Bobby Fischer: o louco elo entre Argentina e Islândia
Tales Torraga
Nada de futebol, nada de bola, nada de Copa do Mundo.
Fama da Islândia no esporte? Só no xadrez.
Tudo porque a Islândia foi o lar escolhido pelo genial americano Bobby Fischer.
Mas para contar esta história precisamos pousar na Argentina, outra pátria que adotou Fischer como um legítimo hijo seu.
Para os mais novos ou não tão chegados em xadrez: Robert James Fischer foi mais que um jogador, e sim um símbolo do embate americano-soviético na Guerra Fria.
Aos 6 anos, ganhou o primeiro tabuleiro. Aos 14, já era campeão absoluto dos EUA.
Nesta época – 1959, com 16 -, desembarcou em Buenos Aires pela primeira vez.
Amou a cidade. Seu temperamento instável e seus delírios encontraram ressonância portenha. Fischer era mais portenho que os próprios portenhos. Obsessivo e brilhante. E uma pessoa com hábitos tão peculiares como aparecer, sem avisar, na redação do jornal ''La Crónica'' simplesmente porque o lia.
(E de onde saía sem se despedir, por supuesto.)
¡Que personaje!
Fischer esteve em outras cidades argentinas como Mar del Plata e Córdoba, mas respirou Buenos Aires outras três vezes, provando seu amor pela capital.
Esta frequência de visitas de Fischer a único lugar foi bastante incomum.
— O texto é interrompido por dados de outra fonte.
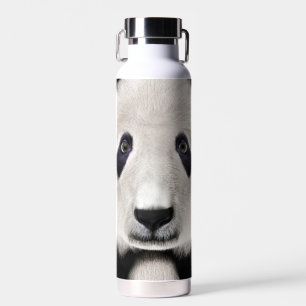 Panda Bear Water Bottle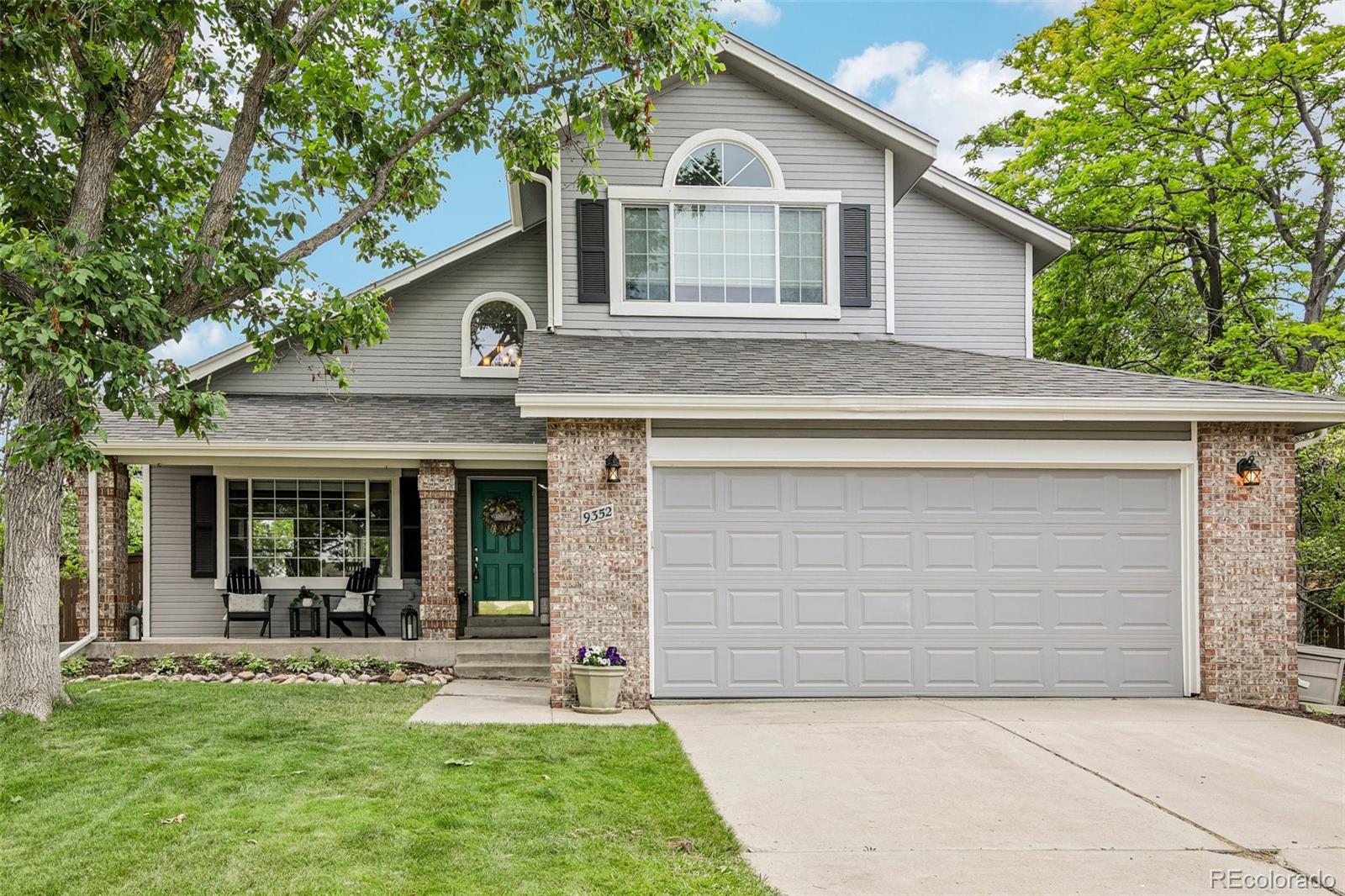 9352 Wheeler Court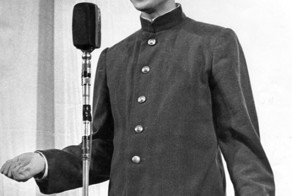 Звезды в молодости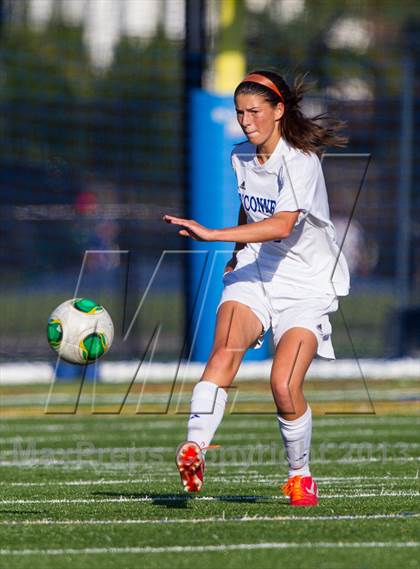 Thumbnail 2 in Bishop McNamara @ Bishop O'Connell photogallery.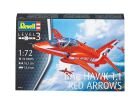 Revell Modellbausatz BAe Hawk T.1 "Red Arrows" / 04921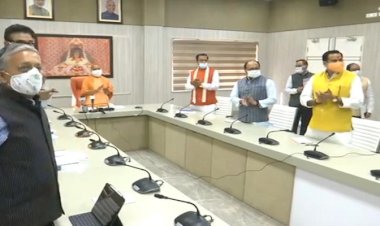 मुख्यमंत्री योगी की तरफ से इन कर्मचारियों को मिलेगा ये दिवाली गिफ्ट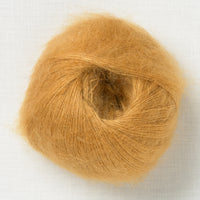 Pascuali Mohair Bliss 822 Amber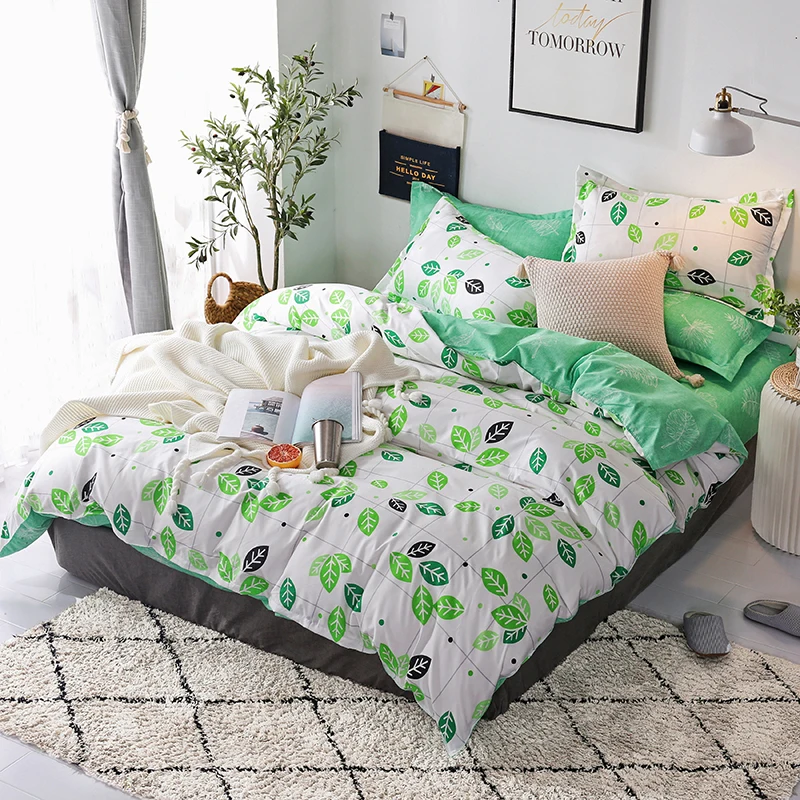 bed linen set 150x200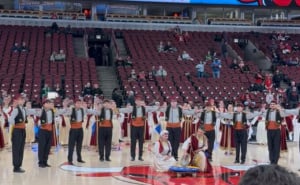 Foto: PR / Bosnian Heritage Night u Chicagu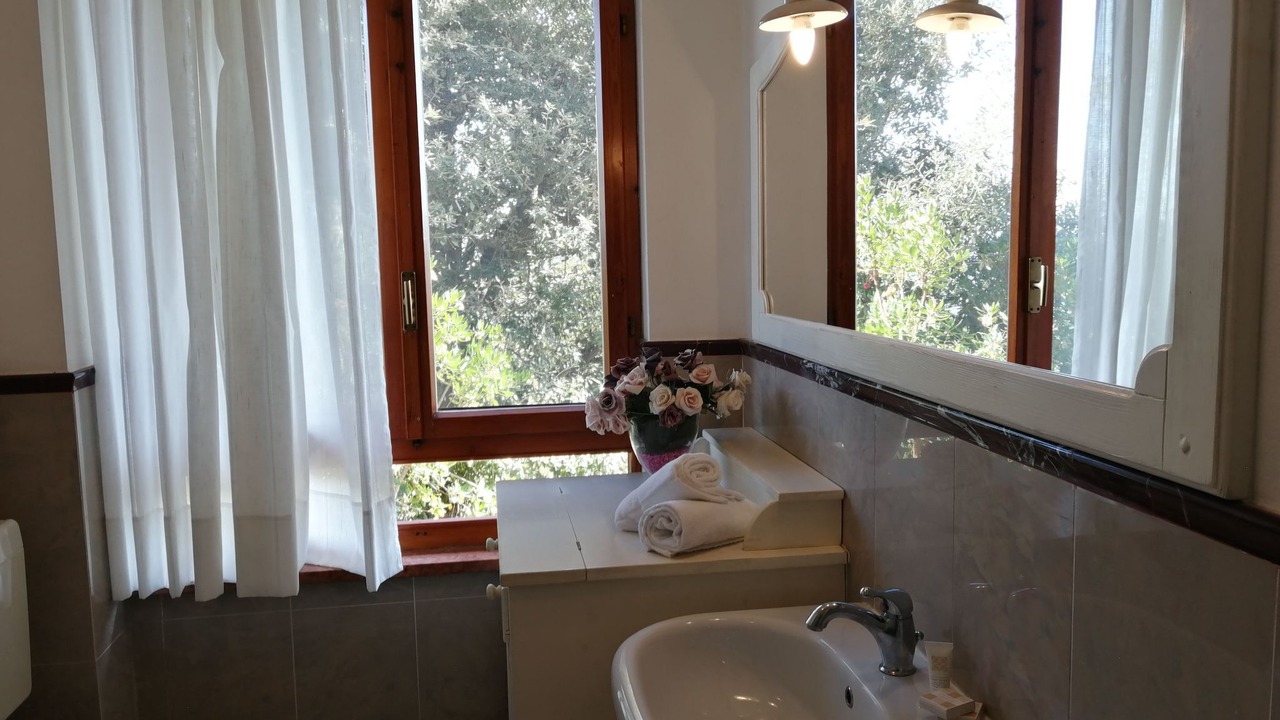 Photo of Bathroom in Val Canina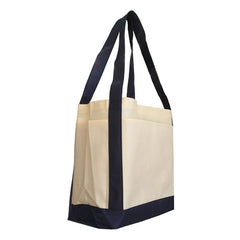 A Non Woven Fashion Tote Bag - Promotional Products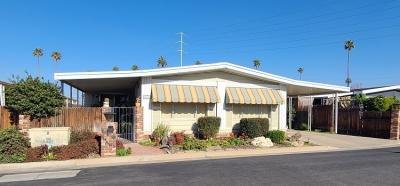 Mobile Home at 608 46th Street Bakersfield, CA 93301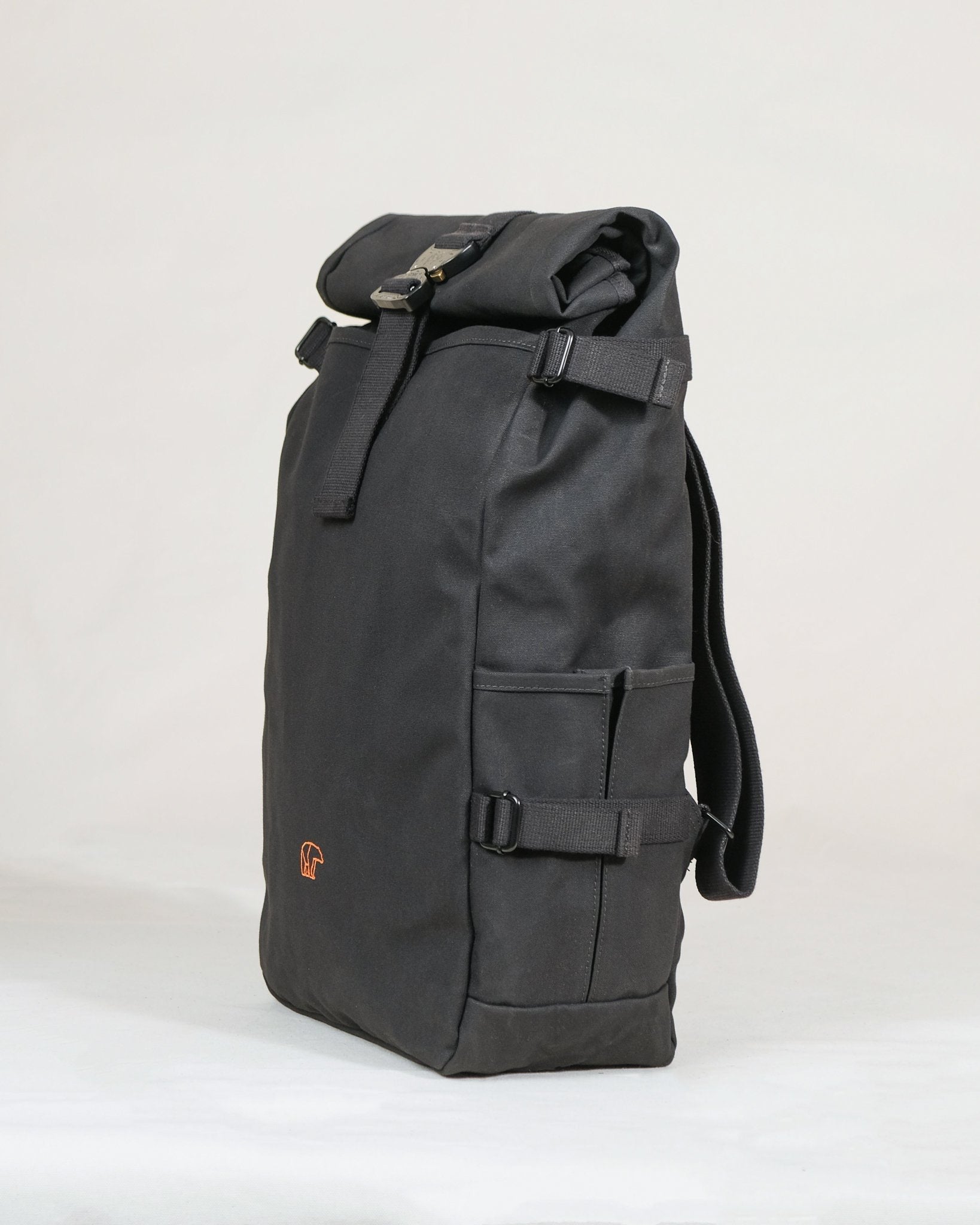 Jorvik Backpack - 30L - Wildish - Made in Britain - Backpack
Dizia abertamente não gostar de adultos – apenas do xadrez, dos animais e das crianças.
Bobby teve tudo isso em terras portenhas em 1969, 1971 e 1996 – a última, para jogar um match de seu xadrez aleatório no qual as peças saíam de posições diferentes das comuns. O dinheiro não apareceu. E Fischer disse adeus.
Sua mais famosa passagem por Buenos Aires foi a de 1971, quando se classificou para enfrentar o então campeão do mundo, o soviético Boris Spassky.
O Torneio de Candidatos, seletiva que designava o desafiante ao trono, ocorreu no Teatro San Martín, a quatro quadras do Obelisco, em uma avenida Corrientes que parava para torcer para Fischer destruir o também soviético Tigran Petrosian.
Bobby retribuía o carinho à sua maneira: devorando pizzas, batatas fritas e bifes (sempre com a mão) e percorrendo as muitas livrarias atrás de obras de xadrez.
Ia, encontrava o que gostava e saía sem pagar ou dizer nada. Tinha horror à imprensa. Uma das mais comentadas matérias de sua passagem está na revista ''Gente'', aqui. Tenta entender as razões que levavam, por exemplo, Fischer a carregar, dos EUA à Argentina, sua própria televisão para ver lutas de boxe.
Em 1972, Fischer desembarcou na capital da Islândia, Reykjavik, para o Match do Século contra Spassky, um dos eventos dos mais transcendentes da história.
Venceu o duelo de 21 partidas entre julho e agosto daquele ano e tornou-se o herói americano no simulacro do embate entre os Estados Unidos e a União Soviética.
Enfim campeão mundial, Fischer caminhou para um perigoso ostracismo que o jogou na loucura e o fez sofrer. Recusou-se a defender a coroa, passada por abandono a Anatoly Karpov.
Viveu sentindo-se perseguido.
Só saía para caminhar disfarçado e de madrugada. Numa deles, foi confundido com um assaltante e acabou preso e torturado.
Reapareceu em 1992 para novo match contra Spassky, desta vez na Iugoslávia. Violou sanções dos Estados Unidos e voltou a sumir. Foi reencontrado no Japão em 2004 para logo depois ser preso por usar passaporte inválido.
No ano seguinte, abriu mão da cidadania americana. Decidiu viver na Islândia.
Sua vida dedicada única e exclusivamente ao xadrez terminou em janeiro de 2008, aos 64 – o exato número de casas do tabuleiro.
Fischer hoje está enterrado em Selfoss, a 60 quilômetros da Reykjavik que ofereceu a paz, a reclusão e o silêncio que tanto buscou.
O silêncio deste sábado será interrompido pelo futebol. Por uma boa razão.
Fischer certamente pensaria assim. Milhares diante de TV.
E ninguém para atrapalhar sua eterna busca pela perfeição no tabuleiro.